[Action item]:
Retype the following data exactly, but leave its pictures out.
=== Task inputs ===
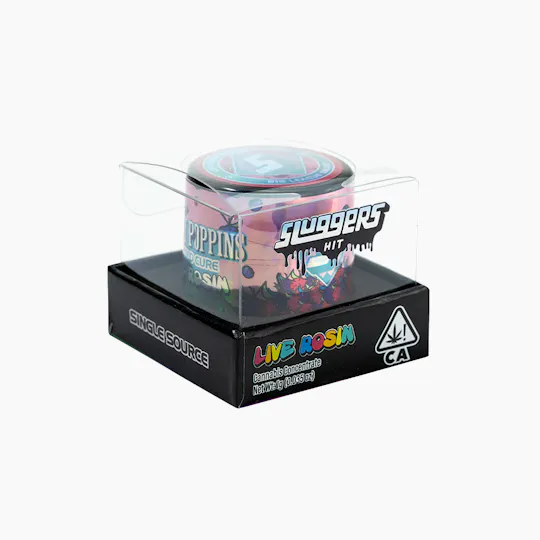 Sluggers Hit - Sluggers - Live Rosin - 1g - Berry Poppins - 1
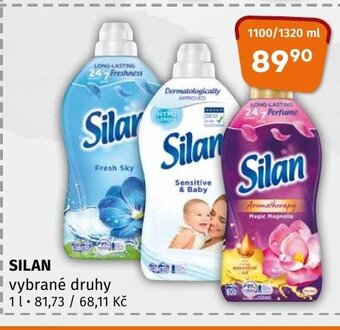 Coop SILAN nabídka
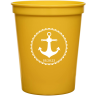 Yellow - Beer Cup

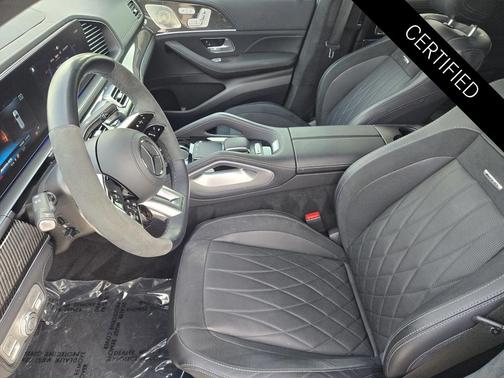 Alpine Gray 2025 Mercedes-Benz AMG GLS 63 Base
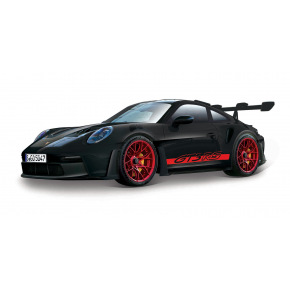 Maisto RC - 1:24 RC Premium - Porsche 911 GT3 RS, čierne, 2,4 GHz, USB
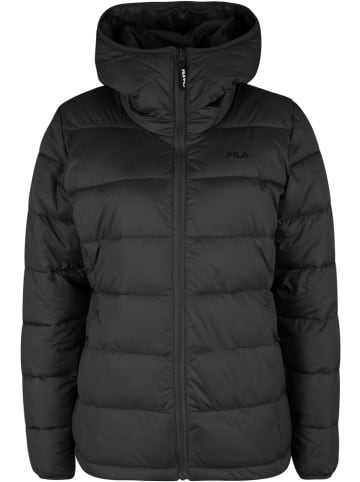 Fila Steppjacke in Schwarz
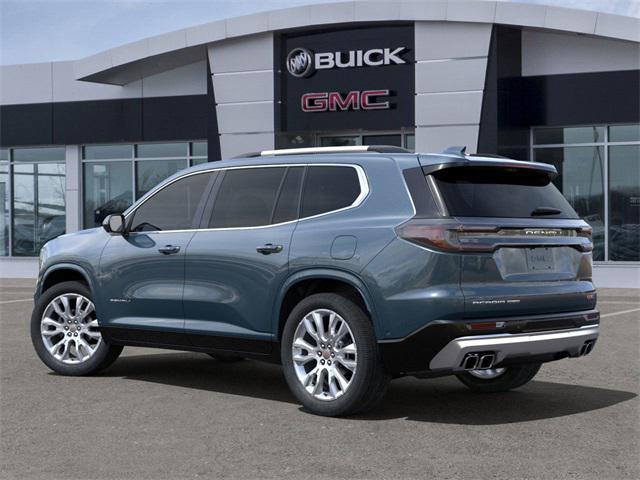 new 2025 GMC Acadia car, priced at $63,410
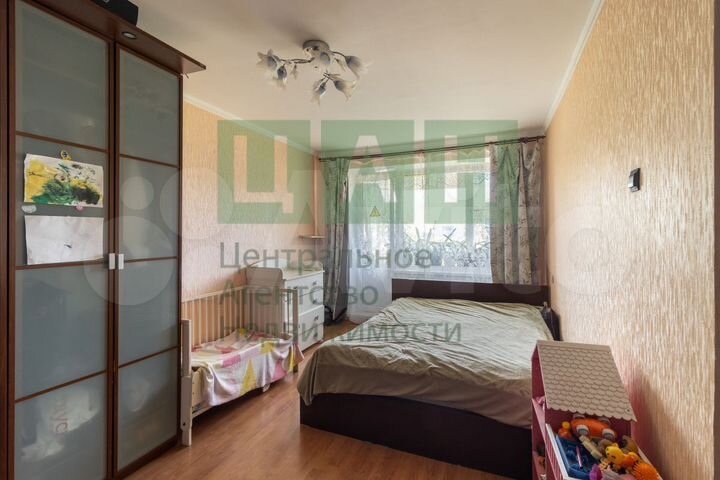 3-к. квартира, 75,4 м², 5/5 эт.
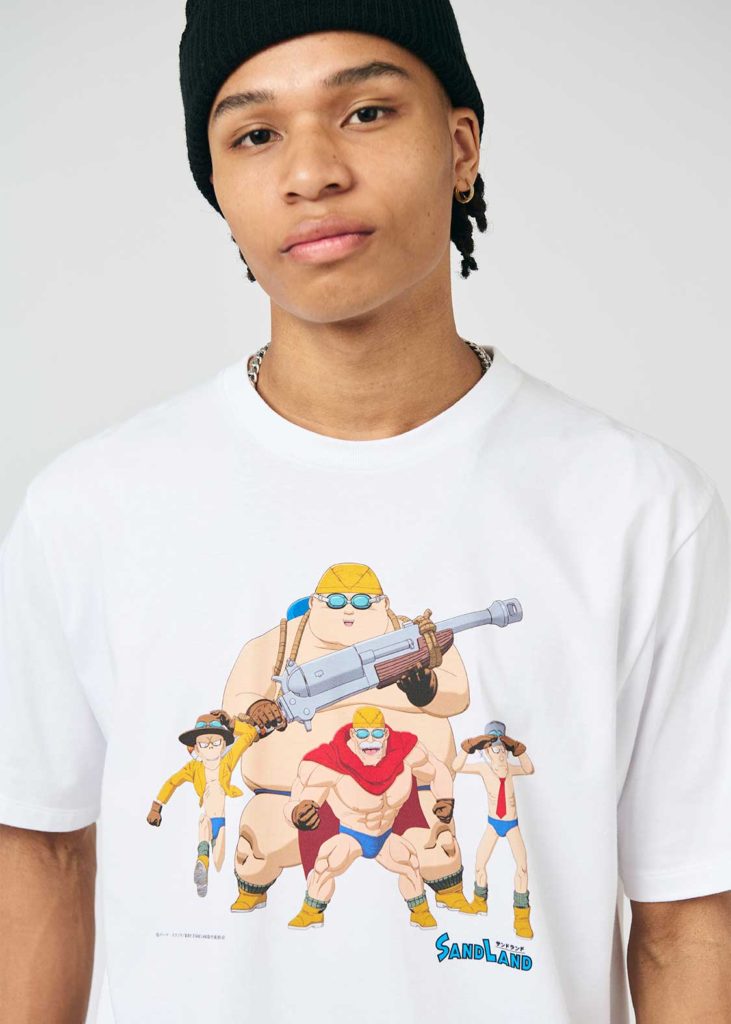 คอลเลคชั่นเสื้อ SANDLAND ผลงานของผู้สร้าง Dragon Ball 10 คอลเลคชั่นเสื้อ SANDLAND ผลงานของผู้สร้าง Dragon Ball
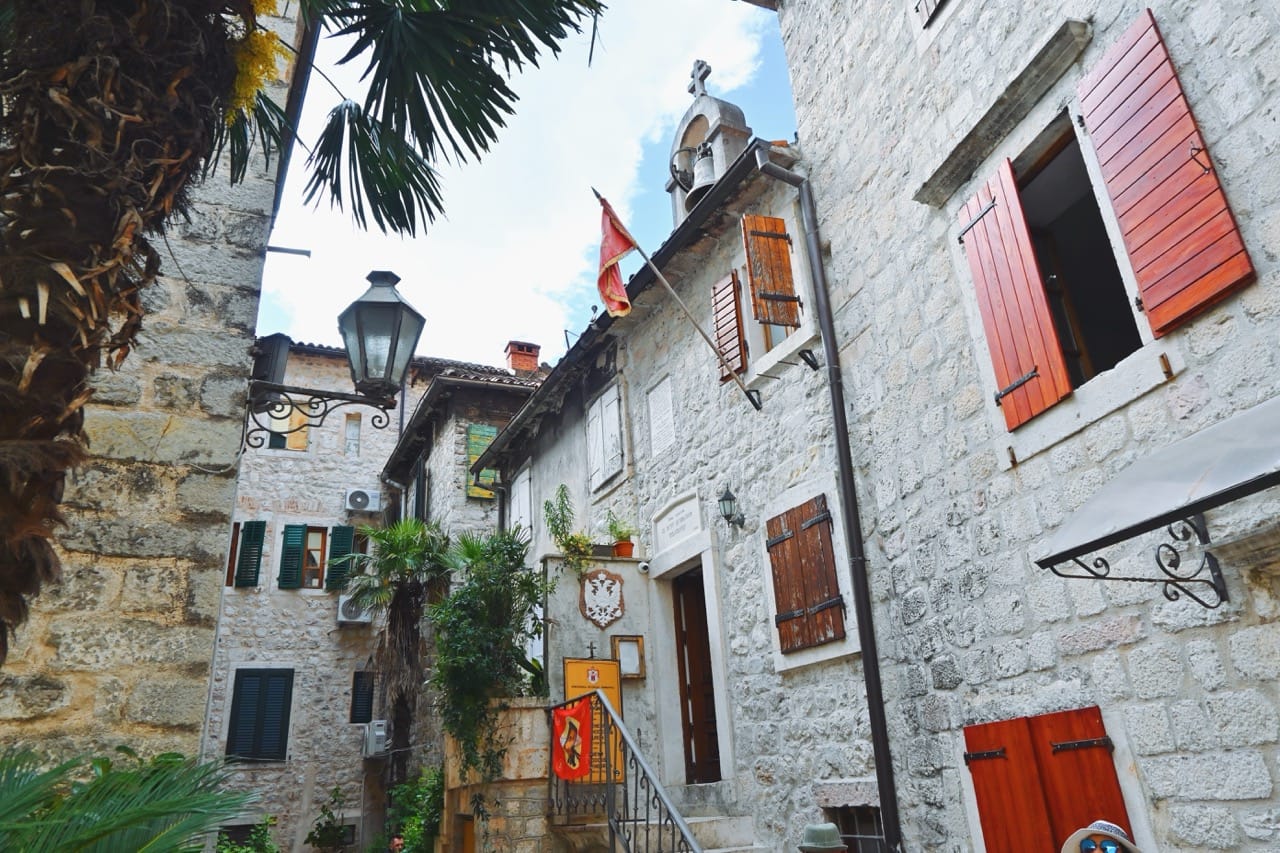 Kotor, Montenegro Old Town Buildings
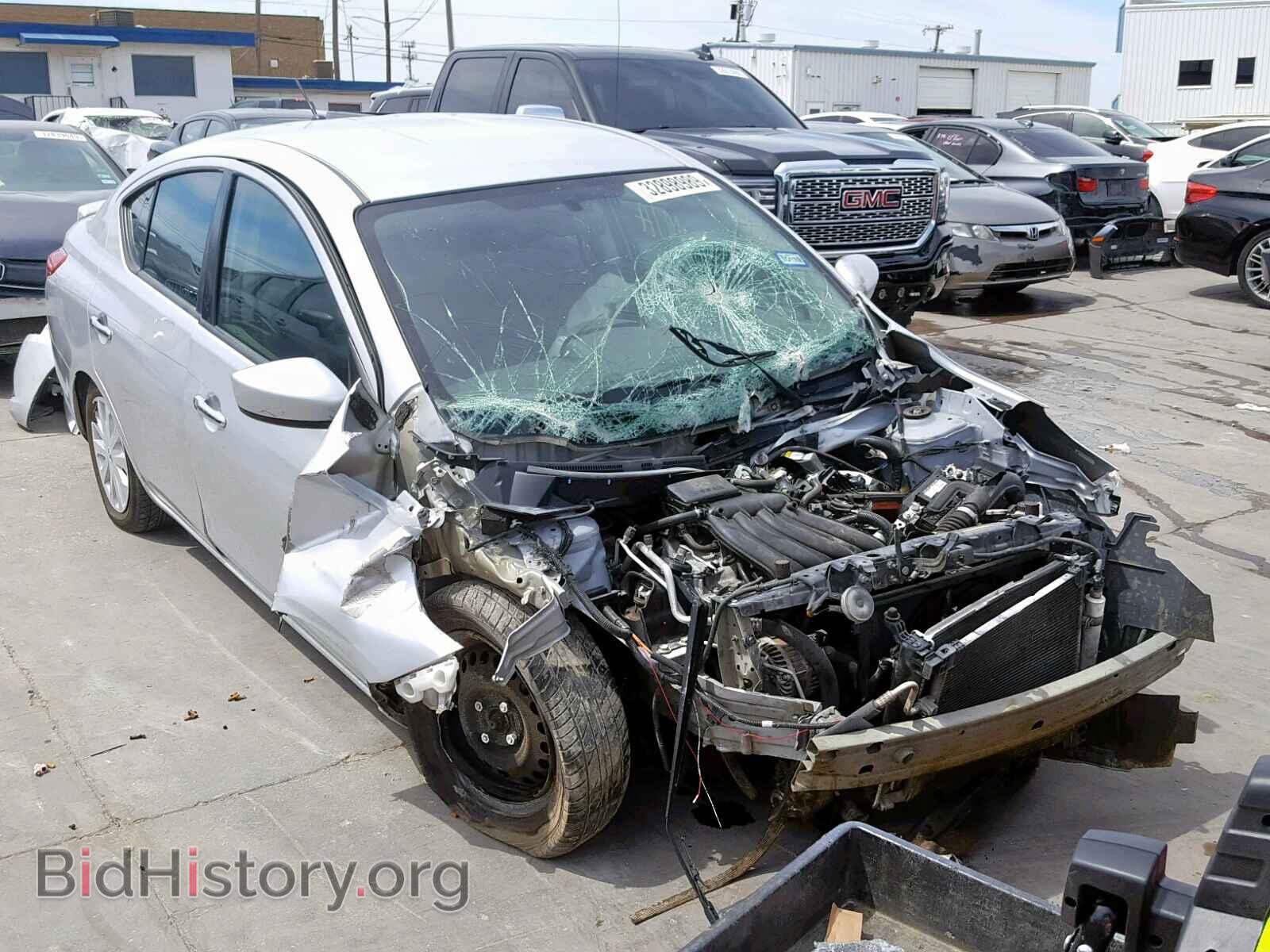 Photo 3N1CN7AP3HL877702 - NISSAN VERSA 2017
===
[Finished task]:
 Sluggers Hit - Sluggers - Live Rosin - 1g - Berry Poppins - 1
 Coop SILAN nabídka
 Yellow - Beer Cup

 Alpine Gray 2025 Mercedes-Benz AMG GLS 63 Base
 Maisto RC - 1:24 RC Premium - Porsche 911 GT3 RS, čierne, 2,4 GHz, USB
 Fila Steppjacke in Schwarz
 new 2025 GMC Acadia car, priced at $63,410
 3-к. квартира, 75,4 м², 5/5 эт.
 คอลเลคชั่นเสื้อ SANDLAND ผลงานของผู้สร้าง Dragon Ball 10 คอลเลคชั่นเสื้อ SANDLAND ผลงานของผู้สร้าง Dragon Ball
 Kotor, Montenegro Old Town Buildings
 Photo 3N1CN7AP3HL877702 - NISSAN VERSA 2017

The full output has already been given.